We could see wildebeest and zebra gathering on the opposite side of the river but it didn’t appear that they were going to make a crossing. Reluctantly, we decided that we needed to leave to head back. No sooner had we pulled away from the bank than we saw wildebeest starting across the bank at a location about 200 yards from us. We quickly drove over and were able to watch a medium size herd starting across. It was a mixture of zebra and wildebeest. I have to say that it is a pretty aggressive movement. The animals plunge into the river and start swimming across. All of the sudden you could see one of the wildebeest struggle to swim. It’s head would suddenly drop under the water for a few seconds and then come back up. It was apparent that a crocodile had gotten it from underneath. The animal was putting up a good fight. As the herd on the other side saw this, they began to slow their entry into the water. Those already in, just seemed to swim faster. Pretty soon you could see another crocodile swimming towards the struggling wildebeest. That was the final straw. Once the crocodile reached the wildebeest, it opened its jaws and took in the whole head. The crossing had stopped for a while and we had to continue on.

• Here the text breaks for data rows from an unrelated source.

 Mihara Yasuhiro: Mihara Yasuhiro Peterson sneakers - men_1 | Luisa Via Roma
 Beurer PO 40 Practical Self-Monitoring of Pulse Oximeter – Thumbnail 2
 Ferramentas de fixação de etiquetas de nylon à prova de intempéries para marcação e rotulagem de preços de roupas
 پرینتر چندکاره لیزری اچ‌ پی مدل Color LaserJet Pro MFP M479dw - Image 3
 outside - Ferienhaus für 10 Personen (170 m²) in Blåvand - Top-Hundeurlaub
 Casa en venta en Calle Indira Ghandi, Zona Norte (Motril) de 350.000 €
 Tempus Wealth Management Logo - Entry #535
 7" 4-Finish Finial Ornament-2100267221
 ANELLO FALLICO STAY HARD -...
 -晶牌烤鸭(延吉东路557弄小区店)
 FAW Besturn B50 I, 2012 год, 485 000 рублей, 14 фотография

After dropping of John and Wendy at the airport, we had our lunch and then slowly drove back to the camp. It was about 2:30 and most of the animals are in the trees hiding from the full force of the sun. We were back at the camp by 4PM. It was a really long day but was not over yet. The other couple was hoping to get some Maasai bracelets and Jonathan had agreed to find them outside of the curio shops. I asked if I could ride along with him and he agreed.

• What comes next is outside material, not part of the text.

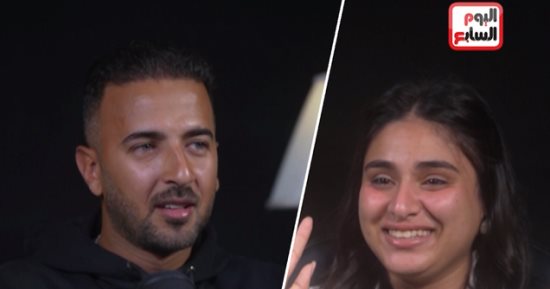 محمد مهران يتحدث عن كواليس مسلسل "حد أقصى" وعلاقته بروجينا 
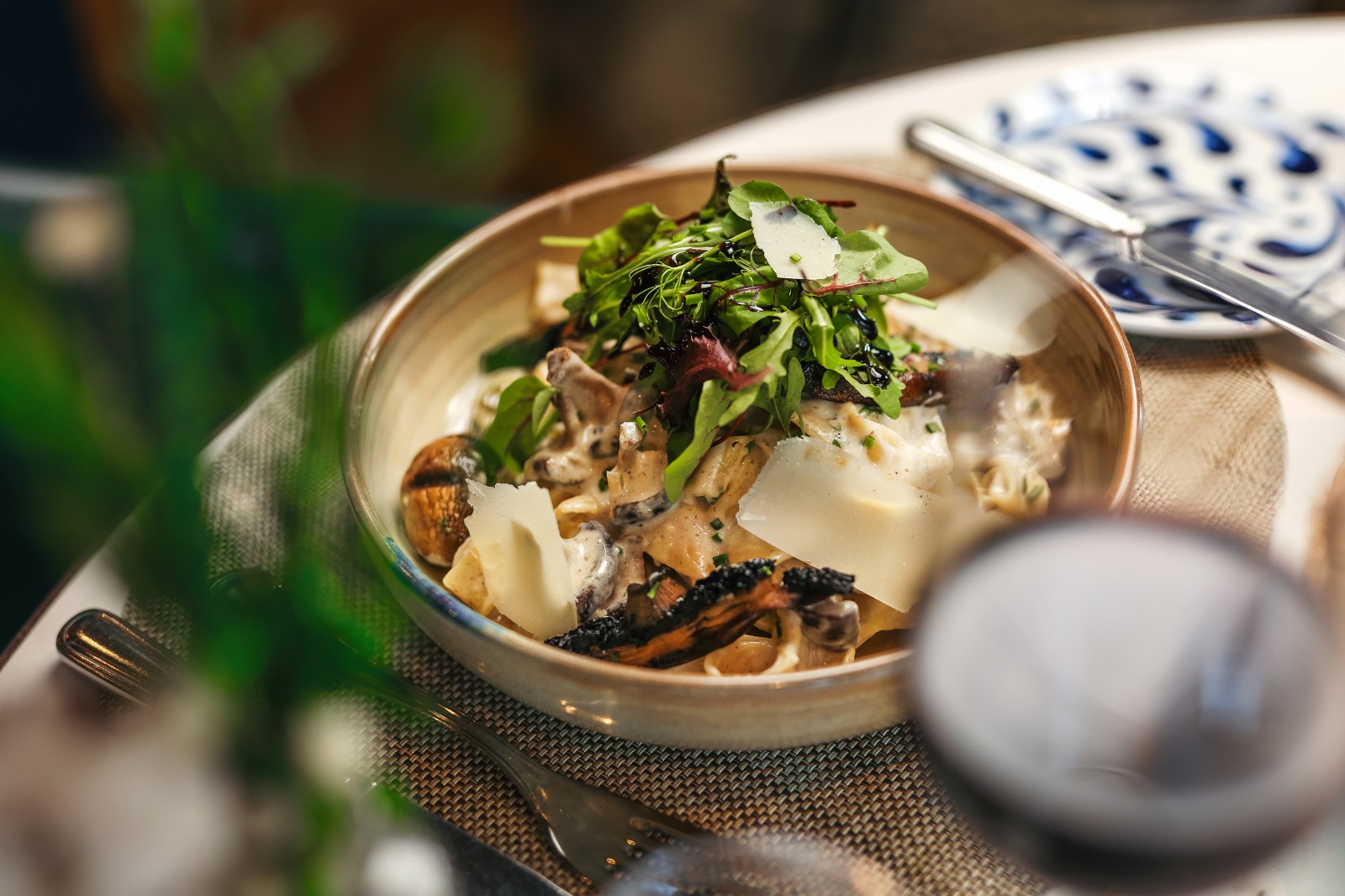 SoMos Restaurant & Lounge. Porto recebe noite para celebrar uma das gastronomias mais apreciadas do mundo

We went to the village where his future bride lives. She is in school and so I didn’t get to meet her. Jonathan confided that he wasn’t sure if he wanted her but she was chosen for him by his father. There were about 15 small children and I was the novelty. We were invited into a small boma. They are different from those in Western Province. They are still made of the same mud material but are much smaller (headroom) and smokier. I had to stoop to get in the door. We sat in a tiny vestibule that had a door into the main room and then a door into the corral where I could see some baby sheep.


From there we drove to Jonathan’s homestead. It’s always hard to keep track of relatives as the extended family is treated differently from the way we handle them. For instance, we met an uncle on the road who referred to Jonathan as his son. That’s the way it’s done since the extended family unit is so strong. As best as I can figure it, Jonathon’s father has 3 wives as does his grandfather. Jonathan is one of 10 children but I’m not sure if that is the total among the 3 wives or not. The family compound is a group of homes arranged in a circle. Around the perimeter is a circle of shrub limbs than from a protective barrier. Within the outer circle is another circle of shrubs. These “fences” are there to keep out the lions, hyenas, and other predators. It is dangerous to live in this area. At 20, Jonathan was attacked by a lion while out herding the cattle one night.